::: INFORMATION PROVIDED :::
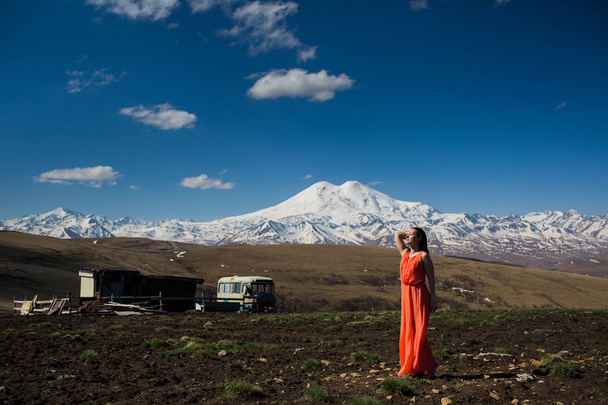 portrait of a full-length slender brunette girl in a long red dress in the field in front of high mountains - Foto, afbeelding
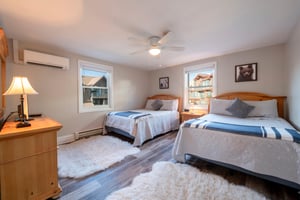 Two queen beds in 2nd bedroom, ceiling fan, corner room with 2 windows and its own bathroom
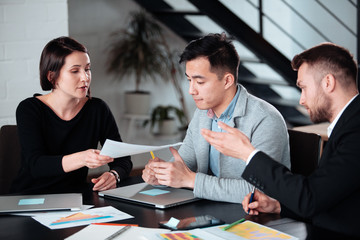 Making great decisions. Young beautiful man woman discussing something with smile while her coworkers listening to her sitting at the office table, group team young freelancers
:::
■ WORK TO COMPLETE ■
Copy the listing verbatim, omitting images.

■ RESPONSE BELOW ■
 portrait of a full-length slender brunette girl in a long red dress in the field in front of high mountains - Foto, afbeelding
 Two queen beds in 2nd bedroom, ceiling fan, corner room with 2 windows and its own bathroom
 Making great decisions. Young beautiful man woman discussing something with smile while her coworkers listening to her sitting at the office table, group team young freelancers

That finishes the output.